本文用的数据集是https://raw.githubusercontent.com/SophonPlus/ChineseNlpCorpus/master/datasets/ChnSentiCorp_htl_all/ChnSentiCorp_htl_all.csv,预训练语言模型是https://huggingface.co/bert-base-chinese

可参考我写的另一个项目PolarisRisingWar/pytorch_text_classification

代码:

import csv,random
from tqdm import tqdm
from copy import deepcopy

from sklearn.metrics import accuracy_score,precision_score,recall_score,f1_score

import torch
import torch.nn as nn
from torch.utils.data import Dataset,DataLoader

from transformers import AutoModel, AutoTokenizer

#超参设置
random_seed=20221125
split_ratio='6-2-2'
pretrained_path='/data/pretrained_model/bert-base-chinese'
dropout_rate=0.1
max_epoch_num=16
cuda_device='cuda:2'
output_dim=2

#数据预处理
with open('other_data_temp/ChnSentiCorp_htl_all.csv') as f:
    reader=csv.reader(f)
    header = next(reader)  #表头
    data = [[int(row[0]),row[1]] for row in reader]  #每个元素是一个由字符串组成的列表,第一个元素是标签(01),第二个元素是评论文本。

random.seed(random_seed)
random.shuffle(data)
split_ratio_list=[int(i) for i in split_ratio.split('-')]
split_point1=int(len(data)*split_ratio_list[0]/sum(split_ratio_list))
split_point2=int(len(data)*(split_ratio_list[0]+split_ratio_list[1])/sum(split_ratio_list))
train_data=data[:split_point1]
valid_data=data[split_point1:split_point2]
test_data=data[split_point2:]

#建立数据集迭代器
class TextInitializeDataset(Dataset):
    def __init__(self,input_data) -> None:
        self.text=[x[1] for x in input_data]
        self.label=[x[0] for x in input_data]
    
    def __getitem__(self, index):
        return [self.text[index],self.label[index]]
    
    def __len__(self):
        return len(self.text)

tokenizer=AutoTokenizer.from_pretrained(pretrained_path)

def collate_fn(batch):
    pt_batch=tokenizer([x[0] for x in batch],padding=True,truncation=True,max_length=512,return_tensors='pt')
    return {'input_ids':pt_batch['input_ids'],'token_type_ids':pt_batch['token_type_ids'],'attention_mask':pt_batch['attention_mask'],
            'label':torch.tensor([x[1] for x in batch])}

train_dataloader=DataLoader(TextInitializeDataset(train_data),batch_size=16,shuffle=True,collate_fn=collate_fn)
valid_dataloader=DataLoader(TextInitializeDataset(valid_data),batch_size=128,shuffle=False,collate_fn=collate_fn)
test_dataloader=DataLoader(TextInitializeDataset(test_data),batch_size=128,shuffle=False,collate_fn=collate_fn)

#建模
class ClsModel(nn.Module):
    def __init__(self,output_dim,dropout_rate):
        super(ClsModel,self).__init__()

        self.encoder=AutoModel.from_pretrained(pretrained_path)

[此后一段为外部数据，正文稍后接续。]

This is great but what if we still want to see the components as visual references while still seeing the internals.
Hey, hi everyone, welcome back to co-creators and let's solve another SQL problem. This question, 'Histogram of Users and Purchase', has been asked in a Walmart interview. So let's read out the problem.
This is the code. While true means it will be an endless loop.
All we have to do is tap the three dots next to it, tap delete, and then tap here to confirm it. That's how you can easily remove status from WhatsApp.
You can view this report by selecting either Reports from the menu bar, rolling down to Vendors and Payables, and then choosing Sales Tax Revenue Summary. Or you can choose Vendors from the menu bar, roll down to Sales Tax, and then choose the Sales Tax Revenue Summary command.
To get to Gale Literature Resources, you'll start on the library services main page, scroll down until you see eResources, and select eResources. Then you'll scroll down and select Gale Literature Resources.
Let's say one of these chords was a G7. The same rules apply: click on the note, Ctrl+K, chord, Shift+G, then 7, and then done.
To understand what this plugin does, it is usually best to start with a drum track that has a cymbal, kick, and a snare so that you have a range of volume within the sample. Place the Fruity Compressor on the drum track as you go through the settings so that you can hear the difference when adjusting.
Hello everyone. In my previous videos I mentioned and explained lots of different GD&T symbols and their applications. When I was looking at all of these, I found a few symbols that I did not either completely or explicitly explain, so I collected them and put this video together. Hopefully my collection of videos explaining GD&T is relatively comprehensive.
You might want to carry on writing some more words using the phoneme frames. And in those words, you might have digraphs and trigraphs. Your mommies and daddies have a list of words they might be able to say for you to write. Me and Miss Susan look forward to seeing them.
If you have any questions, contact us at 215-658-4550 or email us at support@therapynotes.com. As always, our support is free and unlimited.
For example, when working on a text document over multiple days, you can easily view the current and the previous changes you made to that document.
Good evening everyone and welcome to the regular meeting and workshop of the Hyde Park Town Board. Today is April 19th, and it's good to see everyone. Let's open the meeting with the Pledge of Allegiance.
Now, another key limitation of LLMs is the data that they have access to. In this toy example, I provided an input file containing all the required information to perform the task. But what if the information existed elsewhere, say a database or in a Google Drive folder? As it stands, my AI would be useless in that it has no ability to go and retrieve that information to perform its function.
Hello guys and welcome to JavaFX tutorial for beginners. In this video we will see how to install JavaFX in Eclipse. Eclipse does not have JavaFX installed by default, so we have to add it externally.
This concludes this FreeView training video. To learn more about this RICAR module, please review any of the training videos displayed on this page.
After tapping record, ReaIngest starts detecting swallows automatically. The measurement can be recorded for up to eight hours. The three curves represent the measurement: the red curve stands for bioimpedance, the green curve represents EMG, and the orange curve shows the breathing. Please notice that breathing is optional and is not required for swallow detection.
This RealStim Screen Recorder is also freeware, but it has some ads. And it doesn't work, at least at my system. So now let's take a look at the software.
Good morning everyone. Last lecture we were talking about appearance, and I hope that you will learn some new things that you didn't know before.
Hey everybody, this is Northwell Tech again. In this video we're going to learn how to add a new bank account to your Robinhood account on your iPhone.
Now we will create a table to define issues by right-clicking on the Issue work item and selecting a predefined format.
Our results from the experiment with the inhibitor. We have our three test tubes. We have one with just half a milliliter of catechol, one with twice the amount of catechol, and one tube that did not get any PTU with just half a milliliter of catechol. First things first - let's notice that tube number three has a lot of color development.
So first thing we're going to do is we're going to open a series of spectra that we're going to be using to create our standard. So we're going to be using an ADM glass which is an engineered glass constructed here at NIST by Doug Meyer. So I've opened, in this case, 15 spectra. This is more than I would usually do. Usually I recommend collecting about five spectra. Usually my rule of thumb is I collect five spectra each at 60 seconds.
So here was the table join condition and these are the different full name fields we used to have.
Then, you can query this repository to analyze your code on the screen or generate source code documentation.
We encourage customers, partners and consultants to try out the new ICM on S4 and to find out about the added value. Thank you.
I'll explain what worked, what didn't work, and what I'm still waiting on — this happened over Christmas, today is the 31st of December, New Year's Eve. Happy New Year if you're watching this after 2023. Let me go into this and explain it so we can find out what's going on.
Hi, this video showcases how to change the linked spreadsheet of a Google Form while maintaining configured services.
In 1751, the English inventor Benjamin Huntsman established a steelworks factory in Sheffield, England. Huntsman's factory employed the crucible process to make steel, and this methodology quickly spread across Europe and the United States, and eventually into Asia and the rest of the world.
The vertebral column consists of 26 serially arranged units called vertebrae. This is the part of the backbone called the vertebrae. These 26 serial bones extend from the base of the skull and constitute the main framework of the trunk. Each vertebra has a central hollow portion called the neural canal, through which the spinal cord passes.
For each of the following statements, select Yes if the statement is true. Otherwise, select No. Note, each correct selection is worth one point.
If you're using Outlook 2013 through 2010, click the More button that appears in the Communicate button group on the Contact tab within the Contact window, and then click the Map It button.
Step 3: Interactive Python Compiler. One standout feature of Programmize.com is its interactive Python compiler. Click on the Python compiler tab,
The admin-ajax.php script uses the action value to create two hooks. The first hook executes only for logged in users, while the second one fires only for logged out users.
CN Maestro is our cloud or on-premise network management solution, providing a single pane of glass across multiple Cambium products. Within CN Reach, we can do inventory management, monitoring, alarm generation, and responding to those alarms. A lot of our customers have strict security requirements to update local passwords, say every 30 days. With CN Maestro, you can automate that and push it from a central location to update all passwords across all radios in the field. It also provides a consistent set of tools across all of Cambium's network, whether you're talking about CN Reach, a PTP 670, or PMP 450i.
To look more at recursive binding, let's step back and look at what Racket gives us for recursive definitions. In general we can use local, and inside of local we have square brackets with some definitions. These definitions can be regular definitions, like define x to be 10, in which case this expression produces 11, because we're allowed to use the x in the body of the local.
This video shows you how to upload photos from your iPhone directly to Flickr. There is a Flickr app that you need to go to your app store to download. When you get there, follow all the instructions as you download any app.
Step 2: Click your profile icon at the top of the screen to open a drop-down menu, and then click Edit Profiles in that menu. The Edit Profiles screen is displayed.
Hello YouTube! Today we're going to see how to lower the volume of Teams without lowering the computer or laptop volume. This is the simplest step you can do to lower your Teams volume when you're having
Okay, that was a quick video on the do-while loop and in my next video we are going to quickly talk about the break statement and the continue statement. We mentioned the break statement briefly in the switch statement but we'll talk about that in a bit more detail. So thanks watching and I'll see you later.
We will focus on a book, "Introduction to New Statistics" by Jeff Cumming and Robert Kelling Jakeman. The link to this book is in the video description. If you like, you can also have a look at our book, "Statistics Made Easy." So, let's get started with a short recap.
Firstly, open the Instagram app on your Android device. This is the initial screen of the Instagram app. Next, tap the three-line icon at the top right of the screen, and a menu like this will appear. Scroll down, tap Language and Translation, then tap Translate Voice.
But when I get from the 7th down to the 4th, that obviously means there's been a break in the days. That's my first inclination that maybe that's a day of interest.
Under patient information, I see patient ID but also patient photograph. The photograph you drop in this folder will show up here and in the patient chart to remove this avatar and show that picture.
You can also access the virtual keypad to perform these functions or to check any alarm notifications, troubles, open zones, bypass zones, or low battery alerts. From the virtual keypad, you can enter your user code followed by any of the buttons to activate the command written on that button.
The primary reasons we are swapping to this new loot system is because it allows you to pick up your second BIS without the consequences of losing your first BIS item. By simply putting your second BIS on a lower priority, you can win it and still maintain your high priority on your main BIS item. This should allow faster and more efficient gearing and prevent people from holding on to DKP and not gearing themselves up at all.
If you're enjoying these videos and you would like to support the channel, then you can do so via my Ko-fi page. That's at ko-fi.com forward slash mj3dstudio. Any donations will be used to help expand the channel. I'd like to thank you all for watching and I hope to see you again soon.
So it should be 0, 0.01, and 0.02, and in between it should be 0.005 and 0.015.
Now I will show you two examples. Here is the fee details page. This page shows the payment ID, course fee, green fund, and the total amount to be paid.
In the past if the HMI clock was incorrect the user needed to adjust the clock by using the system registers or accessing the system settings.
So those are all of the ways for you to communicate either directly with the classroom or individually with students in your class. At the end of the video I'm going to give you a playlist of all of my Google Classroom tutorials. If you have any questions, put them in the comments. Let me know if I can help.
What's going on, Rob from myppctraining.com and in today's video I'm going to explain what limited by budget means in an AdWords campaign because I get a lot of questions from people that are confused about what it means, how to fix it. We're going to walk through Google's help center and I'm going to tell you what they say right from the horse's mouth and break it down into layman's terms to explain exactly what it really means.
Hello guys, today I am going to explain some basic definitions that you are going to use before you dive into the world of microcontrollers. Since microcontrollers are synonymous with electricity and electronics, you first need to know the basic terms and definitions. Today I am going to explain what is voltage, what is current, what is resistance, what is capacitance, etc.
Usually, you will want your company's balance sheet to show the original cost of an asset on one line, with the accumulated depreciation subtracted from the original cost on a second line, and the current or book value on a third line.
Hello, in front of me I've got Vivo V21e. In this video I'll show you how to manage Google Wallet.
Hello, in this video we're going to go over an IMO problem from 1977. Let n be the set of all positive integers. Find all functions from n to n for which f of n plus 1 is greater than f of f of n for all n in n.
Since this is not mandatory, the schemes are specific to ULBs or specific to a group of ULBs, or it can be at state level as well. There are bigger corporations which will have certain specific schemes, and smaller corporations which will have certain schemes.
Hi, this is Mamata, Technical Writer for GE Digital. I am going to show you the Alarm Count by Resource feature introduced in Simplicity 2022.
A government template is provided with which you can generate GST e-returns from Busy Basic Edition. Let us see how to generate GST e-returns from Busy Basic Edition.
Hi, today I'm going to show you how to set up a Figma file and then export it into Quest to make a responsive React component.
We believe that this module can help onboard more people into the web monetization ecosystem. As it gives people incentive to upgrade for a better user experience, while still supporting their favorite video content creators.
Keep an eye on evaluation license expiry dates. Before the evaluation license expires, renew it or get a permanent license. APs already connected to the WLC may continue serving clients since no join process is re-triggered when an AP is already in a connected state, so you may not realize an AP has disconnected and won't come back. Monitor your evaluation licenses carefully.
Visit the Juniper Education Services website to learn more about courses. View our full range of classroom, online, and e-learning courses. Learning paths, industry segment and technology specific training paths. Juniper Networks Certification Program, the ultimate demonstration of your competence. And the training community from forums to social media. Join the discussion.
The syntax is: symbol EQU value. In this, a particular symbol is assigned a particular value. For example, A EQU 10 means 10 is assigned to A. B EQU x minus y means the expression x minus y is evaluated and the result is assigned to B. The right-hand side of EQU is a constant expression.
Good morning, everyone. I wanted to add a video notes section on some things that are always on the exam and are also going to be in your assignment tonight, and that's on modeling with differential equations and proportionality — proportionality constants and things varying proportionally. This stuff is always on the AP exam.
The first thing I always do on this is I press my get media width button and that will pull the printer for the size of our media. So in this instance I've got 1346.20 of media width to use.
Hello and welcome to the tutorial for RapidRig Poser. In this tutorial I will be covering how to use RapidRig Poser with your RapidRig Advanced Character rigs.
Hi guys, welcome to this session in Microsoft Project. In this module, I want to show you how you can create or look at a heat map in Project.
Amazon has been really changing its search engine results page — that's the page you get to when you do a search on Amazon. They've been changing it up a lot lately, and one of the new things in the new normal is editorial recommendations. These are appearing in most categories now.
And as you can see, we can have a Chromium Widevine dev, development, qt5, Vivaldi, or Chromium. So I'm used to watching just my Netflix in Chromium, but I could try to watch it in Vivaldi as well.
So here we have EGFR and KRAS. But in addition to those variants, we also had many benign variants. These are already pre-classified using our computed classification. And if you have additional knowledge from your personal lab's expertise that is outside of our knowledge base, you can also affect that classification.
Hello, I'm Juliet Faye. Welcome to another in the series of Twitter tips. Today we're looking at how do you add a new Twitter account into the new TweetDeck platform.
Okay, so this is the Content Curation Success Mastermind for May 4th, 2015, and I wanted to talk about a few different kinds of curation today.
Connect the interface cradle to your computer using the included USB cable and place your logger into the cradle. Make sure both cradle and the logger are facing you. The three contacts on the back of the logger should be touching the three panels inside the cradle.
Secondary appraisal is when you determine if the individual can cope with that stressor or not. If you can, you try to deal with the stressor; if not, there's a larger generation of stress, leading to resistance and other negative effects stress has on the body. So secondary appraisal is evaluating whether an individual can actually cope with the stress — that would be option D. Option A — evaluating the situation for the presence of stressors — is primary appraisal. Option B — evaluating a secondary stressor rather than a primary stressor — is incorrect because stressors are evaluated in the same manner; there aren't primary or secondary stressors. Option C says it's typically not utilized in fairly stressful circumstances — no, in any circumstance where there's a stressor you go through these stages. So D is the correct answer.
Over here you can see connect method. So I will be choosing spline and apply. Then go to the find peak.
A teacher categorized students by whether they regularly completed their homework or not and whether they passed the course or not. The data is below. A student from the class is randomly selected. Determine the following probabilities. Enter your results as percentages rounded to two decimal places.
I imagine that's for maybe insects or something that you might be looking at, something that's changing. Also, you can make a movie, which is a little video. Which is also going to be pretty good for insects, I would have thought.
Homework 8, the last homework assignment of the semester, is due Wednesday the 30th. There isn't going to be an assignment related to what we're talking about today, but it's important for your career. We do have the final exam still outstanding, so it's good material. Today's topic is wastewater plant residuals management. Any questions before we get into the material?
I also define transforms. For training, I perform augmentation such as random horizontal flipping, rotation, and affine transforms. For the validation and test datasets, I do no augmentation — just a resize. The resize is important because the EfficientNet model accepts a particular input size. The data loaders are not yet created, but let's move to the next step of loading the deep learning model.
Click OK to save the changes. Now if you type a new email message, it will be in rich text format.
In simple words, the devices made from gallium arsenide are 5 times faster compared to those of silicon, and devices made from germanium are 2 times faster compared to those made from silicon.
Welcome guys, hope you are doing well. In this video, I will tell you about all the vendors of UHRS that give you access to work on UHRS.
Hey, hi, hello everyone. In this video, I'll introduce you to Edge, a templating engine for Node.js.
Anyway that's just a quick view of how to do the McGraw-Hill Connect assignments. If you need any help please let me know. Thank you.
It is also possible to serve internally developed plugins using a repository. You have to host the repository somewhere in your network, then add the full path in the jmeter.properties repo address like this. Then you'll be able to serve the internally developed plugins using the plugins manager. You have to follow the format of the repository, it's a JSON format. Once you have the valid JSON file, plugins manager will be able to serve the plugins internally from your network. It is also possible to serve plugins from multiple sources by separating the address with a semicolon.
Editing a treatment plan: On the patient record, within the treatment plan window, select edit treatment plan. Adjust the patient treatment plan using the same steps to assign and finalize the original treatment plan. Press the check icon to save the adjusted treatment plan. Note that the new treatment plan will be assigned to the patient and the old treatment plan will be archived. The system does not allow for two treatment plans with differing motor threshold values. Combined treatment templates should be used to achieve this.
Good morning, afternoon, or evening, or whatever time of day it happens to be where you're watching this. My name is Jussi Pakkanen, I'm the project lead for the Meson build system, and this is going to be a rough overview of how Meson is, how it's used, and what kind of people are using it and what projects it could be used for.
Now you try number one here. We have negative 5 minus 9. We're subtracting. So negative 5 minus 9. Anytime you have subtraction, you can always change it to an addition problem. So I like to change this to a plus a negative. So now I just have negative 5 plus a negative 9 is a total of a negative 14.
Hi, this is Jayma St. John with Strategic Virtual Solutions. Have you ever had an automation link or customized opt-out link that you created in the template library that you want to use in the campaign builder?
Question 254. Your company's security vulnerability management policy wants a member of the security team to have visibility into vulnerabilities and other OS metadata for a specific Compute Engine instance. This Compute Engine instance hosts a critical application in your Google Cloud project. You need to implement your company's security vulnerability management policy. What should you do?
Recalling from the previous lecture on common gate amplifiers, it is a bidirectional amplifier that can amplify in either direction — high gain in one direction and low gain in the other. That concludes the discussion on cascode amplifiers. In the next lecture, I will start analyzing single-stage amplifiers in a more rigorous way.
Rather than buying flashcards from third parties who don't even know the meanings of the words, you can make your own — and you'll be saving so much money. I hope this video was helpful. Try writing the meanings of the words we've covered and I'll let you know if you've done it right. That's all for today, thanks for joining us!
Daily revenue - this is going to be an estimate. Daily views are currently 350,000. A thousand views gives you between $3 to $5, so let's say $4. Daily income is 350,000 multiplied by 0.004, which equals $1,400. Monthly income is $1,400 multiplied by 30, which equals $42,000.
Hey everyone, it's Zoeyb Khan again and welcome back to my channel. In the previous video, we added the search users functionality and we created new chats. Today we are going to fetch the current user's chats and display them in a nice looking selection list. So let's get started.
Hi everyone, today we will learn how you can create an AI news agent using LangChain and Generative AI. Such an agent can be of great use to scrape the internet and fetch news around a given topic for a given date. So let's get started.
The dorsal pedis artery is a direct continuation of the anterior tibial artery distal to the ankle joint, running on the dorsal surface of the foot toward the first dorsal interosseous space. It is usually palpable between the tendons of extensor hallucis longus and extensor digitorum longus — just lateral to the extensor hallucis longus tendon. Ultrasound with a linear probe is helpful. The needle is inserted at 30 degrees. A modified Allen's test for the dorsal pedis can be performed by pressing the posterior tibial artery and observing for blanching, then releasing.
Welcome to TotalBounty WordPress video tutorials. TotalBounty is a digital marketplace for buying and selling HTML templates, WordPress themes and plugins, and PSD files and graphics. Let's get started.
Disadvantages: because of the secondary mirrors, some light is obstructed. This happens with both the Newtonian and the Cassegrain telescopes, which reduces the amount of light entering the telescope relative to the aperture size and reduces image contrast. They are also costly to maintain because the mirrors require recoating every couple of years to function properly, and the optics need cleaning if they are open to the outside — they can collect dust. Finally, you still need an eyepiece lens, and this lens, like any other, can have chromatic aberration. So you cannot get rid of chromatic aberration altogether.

        self.dropout=nn.Dropout(dropout_rate)
        self.classifier=nn.Linear(768,output_dim)
    
    def forward(self,input_ids,token_type_ids,attention_mask):
        x=self.encoder(input_ids=input_ids,token_type_ids=token_type_ids,attention_mask=attention_mask)['pooler_output']
        x=self.dropout(x)
        x=self.classifier(x)

        return x


loss_func=nn.CrossEntropyLoss()

model=ClsModel(output_dim,dropout_rate)
model.to(cuda_device)

optimizer=torch.optim.Adam(params=model.parameters(),lr=1e-5)

max_valid_f1=0
best_model={}

for e in tqdm(range(max_epoch_num)):
    for batch in train_dataloader:
        model.train()
        optimizer.zero_grad()
        input_ids=batch['input_ids'].to(cuda_device)
        token_type_ids=batch['token_type_ids'].to(cuda_device)
        attention_mask=batch['attention_mask'].to(cuda_device)
        outputs=model(input_ids,token_type_ids,attention_mask)
        train_loss=loss_func(outputs,batch['label'].to(cuda_device))
        train_loss.backward()
        optimizer.step()
    
    #验证
    with torch.no_grad():
        model.eval()
        labels=[]
        predicts=[]
        for batch in valid_dataloader:
            input_ids=batch['input_ids'].to(cuda_device)
            token_type_ids=batch['token_type_ids'].to(cuda_device)
            attention_mask=batch['attention_mask'].to(cuda_device)
            outputs=model(input_ids,token_type_ids,attention_mask)
            labels.extend([i.item() for i in batch['label']])
            predicts.extend([i.item() for i in torch.argmax(outputs,1)])
        f1=f1_score(labels,predicts,average='macro')
        if f1>max_valid_f1:
            best_model=deepcopy(model.state_dict())
            max_valid_f1=f1

#测试
model.load_state_dict(best_model)
with torch.no_grad():
    model.eval()
    labels=[]
    predicts=[]
    for batch in test_dataloader:
        input_ids=batch['input_ids'].to(cuda_device)
        token_type_ids=batch['token_type_ids'].to(cuda_device)
        attention_mask=batch['attention_mask'].to(cuda_device)
        outputs=model(input_ids,token_type_ids,attention_mask)
        labels.extend([i.item() for i in batch['label']])
        predicts.extend([i.item() for i in torch.argmax(outputs,1)])
    print(accuracy_score(labels,predicts))
    print(precision_score(labels,predicts,average='macro'))
    print(recall_score(labels,predicts,average='macro'))
    print(f1_score(labels,predicts,average='macro'))

用时约1h35min

实验结果:

accuracymacro-Pmacro-Rmacro-F
91.8991.3990.3390.82

2. 多任务文本分类(单数据集)

本文使用的数据集TEL-NLP来自:https://github.com/scsmuhio/MTGCN
我用的数据集文件是:https://raw.githubusercontent.com/scsmuhio/MTGCN/main/Data/ei_task.csv
出处论文MT-Text GCN:Multi-Task Text Classification using Graph Convolutional Networks for Large-Scale Low Resource Language
我用的泰卢固语Bert模型权重是:https://huggingface.co/kuppuluri/telugu_bertu(不是数据集原论文用的表征工具)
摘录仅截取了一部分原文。